I am not able to understand why.
From n1570 6.3.2.3 7th point (page 74):
When a pointer to an object is converted
to a pointer to a character type,the result
points to the lowest addressed byte of the
object.Successive increments of the result,
up to the size of the object, yield pointers
to the remaining bytes of the object

So I guess, that conversion of float * to char *
is defined in n1570 or am I interpreting the
standard incorrectly ?

I know that the above code is incorrect
in C99. From c99 rationale v5.10 6.3.2.3 (page 49):
It is invalid to convert a pointer to
an object of any type to a pointer
to an object of a different type without an
explicit cast.
So it would be invalid to assign &a to p without
casting &a to char *.

Prathamesh Kulkarni <> writes:

> #include <stdio.h>
>
> int
> main(void)
> {
> char *p;
> float a = 1.2;
>
> p = &a;
> printf("%p\n", p);
> return 0;
> }
>
> when I compile this code with
> gcc -std=c11, I get
> warning: assignment from incompatible
> pointer type [enabled by default]
>
> I am not able to understand why.
> From n1570 6.3.2.3 7th point (page 74):
> When a pointer to an object is converted
> to a pointer to a character type,the result
> points to the lowest addressed byte of the
> object.Successive increments of the result,
> up to the size of the object, yield pointers
> to the remaining bytes of the object
>
> So I guess, that conversion of float * to char *
> is defined in n1570 or am I interpreting the
> standard incorrectly ?

Not quote. The part you quote defines the conversion but not how it
happens. The rules for assignment will tell you that the pointer types
must be (almost) compatible (you can have some differing qualifiers) so
a compiler must issue a diagnostic. As you say below, the conversion
*is* defined, but you must ask for it:

p = (char *)&a;

> I know that the above code is incorrect
> in C99. From c99 rationale v5.10 6.3.2.3 (page 49):
> It is invalid to convert a pointer to
> an object of any type to a pointer
> to an object of a different type without an
> explicit cast.
> So it would be invalid to assign &a to p without
> casting &a to char *.

Exactly. The conversion is defined but it does not happen
automatically.

--
Ben.

On Mon, 10 Dec 2012 03:16:05 -0800, Prathamesh Kulkarni wrote:

> #include <stdio.h>
>
> int
> main(void)
> {
> char *p;
> float a = 1.2;
>
> p = &a;
> printf("%p\n", p);
> return 0;
> }
>
> when I compile this code with
> gcc -std=c11, I get
> warning: assignment from incompatible pointer type [enabled by default]
>
> I am not able to understand why.
> From n1570 6.3.2.3 7th point (page 74): When a pointer to an object is
> converted to a pointer to a character type,the result points to the
> lowest addressed byte of the object.Successive increments of the result,
> up to the size of the object, yield pointers to the remaining bytes of
> the object
>
> So I guess, that conversion of float * to char * is defined in n1570 or
> am I interpreting the standard incorrectly ?
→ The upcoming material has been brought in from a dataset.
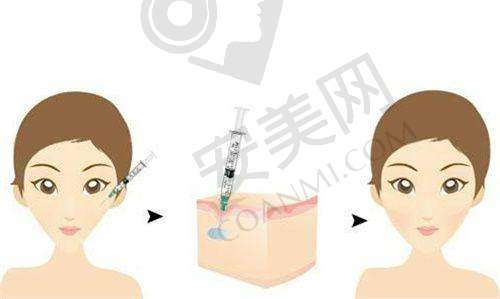 4C不开刀去眼袋术后需要注意什么？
You are interpreting the standard incorrectly (or rather, incompletely).
Clause 6.3 governs the results of both implicit and explicit conversions
(the latter are better known as type-casts), but it does not state which
of the conversions can be performed implicitly and which must be done
explicitly.

If you look in clause 6.5.4 (Cast operators), you will find the following
under the header 'constraints':
<quote>
3 Conversions that involve pointers, other than where permitted by the
constraints of 6.5.16.1, shall be specified by means of an explicit cast.
</quote>
Section 6.5.16.1 does not list the conversion to char* as being permitted
without a cast, so your program needs a cast to perform the conversion.

>
> I know that the above code is incorrect in C99. From c99 rationale v5.10
> 6.3.2.3 (page 49): It is invalid to convert a pointer to an object of
> any type to a pointer
> to an object of a different type without an explicit cast.
> So it would be invalid to assign &a to p without casting &a to char *.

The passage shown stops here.